[Study material — start]
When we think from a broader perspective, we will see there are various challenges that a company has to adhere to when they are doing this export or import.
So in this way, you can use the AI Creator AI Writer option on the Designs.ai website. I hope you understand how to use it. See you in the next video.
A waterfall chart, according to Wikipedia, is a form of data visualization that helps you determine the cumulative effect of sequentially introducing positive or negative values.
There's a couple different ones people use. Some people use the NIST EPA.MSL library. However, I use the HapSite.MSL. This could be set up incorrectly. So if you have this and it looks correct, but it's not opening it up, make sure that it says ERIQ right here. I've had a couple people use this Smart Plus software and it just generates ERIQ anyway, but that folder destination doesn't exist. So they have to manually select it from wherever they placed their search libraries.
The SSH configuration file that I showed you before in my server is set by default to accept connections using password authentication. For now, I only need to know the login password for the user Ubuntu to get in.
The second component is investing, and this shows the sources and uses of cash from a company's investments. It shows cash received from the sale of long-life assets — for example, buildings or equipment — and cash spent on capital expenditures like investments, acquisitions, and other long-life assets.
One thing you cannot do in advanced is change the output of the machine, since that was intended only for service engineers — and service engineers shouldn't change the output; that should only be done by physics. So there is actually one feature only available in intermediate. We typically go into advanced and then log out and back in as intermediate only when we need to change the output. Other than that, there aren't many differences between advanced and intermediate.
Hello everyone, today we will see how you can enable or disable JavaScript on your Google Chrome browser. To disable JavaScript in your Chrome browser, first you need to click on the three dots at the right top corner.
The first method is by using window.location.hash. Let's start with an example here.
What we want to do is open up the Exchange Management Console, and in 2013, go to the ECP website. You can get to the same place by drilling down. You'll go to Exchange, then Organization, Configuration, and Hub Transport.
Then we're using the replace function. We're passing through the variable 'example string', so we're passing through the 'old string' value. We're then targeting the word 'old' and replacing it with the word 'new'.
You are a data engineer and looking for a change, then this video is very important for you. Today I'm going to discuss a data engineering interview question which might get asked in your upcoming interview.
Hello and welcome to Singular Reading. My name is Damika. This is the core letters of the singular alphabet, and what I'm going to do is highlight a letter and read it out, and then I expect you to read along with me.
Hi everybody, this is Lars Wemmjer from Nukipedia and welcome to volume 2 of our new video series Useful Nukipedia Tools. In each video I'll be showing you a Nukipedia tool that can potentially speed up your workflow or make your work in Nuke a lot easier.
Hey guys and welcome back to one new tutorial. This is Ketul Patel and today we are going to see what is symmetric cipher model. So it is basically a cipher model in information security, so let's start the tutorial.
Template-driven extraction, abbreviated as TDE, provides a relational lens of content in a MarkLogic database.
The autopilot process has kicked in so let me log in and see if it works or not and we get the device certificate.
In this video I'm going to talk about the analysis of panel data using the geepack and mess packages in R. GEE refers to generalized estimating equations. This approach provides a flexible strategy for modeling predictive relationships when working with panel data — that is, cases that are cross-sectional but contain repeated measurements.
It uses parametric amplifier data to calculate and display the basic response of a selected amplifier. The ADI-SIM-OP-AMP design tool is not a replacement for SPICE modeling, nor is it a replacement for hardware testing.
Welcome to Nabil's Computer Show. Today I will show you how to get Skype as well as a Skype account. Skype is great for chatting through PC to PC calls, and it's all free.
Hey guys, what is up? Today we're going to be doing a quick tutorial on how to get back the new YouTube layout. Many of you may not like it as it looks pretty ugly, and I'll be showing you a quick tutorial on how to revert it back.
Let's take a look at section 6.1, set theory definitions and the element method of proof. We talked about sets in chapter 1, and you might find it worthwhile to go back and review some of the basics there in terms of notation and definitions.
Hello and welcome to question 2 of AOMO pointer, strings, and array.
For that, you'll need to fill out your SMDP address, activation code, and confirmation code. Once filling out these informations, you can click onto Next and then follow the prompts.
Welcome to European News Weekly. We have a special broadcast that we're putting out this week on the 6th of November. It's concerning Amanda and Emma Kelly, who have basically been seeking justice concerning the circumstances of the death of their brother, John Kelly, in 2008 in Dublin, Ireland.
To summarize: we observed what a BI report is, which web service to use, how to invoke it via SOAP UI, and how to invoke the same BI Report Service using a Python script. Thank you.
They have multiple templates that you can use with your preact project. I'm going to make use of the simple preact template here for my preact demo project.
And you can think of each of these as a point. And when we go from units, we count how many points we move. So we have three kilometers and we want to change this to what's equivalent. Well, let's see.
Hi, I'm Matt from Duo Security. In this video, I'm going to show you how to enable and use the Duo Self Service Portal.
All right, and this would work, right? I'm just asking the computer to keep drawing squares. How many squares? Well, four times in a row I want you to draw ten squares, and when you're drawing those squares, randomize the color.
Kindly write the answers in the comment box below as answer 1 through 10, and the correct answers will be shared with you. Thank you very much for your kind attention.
[Study material — finish]
§ Required action: After locating the line with "Hello and welcome to question", output that line and every later one exactly, through the end of the entries above.

§ Problem solution:
Hello and welcome to question 2 of AOMO pointer, strings, and array.
For that, you'll need to fill out your SMDP address, activation code, and confirmation code. Once filling out these informations, you can click onto Next and then follow the prompts.
Welcome to European News Weekly. We have a special broadcast that we're putting out this week on the 6th of November. It's concerning Amanda and Emma Kelly, who have basically been seeking justice concerning the circumstances of the death of their brother, John Kelly, in 2008 in Dublin, Ireland.
To summarize: we observed what a BI report is, which web service to use, how to invoke it via SOAP UI, and how to invoke the same BI Report Service using a Python script. Thank you.
They have multiple templates that you can use with your preact project. I'm going to make use of the simple preact template here for my preact demo project.
And you can think of each of these as a point. And when we go from units, we count how many points we move. So we have three kilometers and we want to change this to what's equivalent. Well, let's see.
Hi, I'm Matt from Duo Security. In this video, I'm going to show you how to enable and use the Duo Self Service Portal.
All right, and this would work, right? I'm just asking the computer to keep drawing squares. How many squares? Well, four times in a row I want you to draw ten squares, and when you're drawing those squares, randomize the color.
Kindly write the answers in the comment box below as answer 1 through 10, and the correct answers will be shared with you. Thank you very much for your kind attention.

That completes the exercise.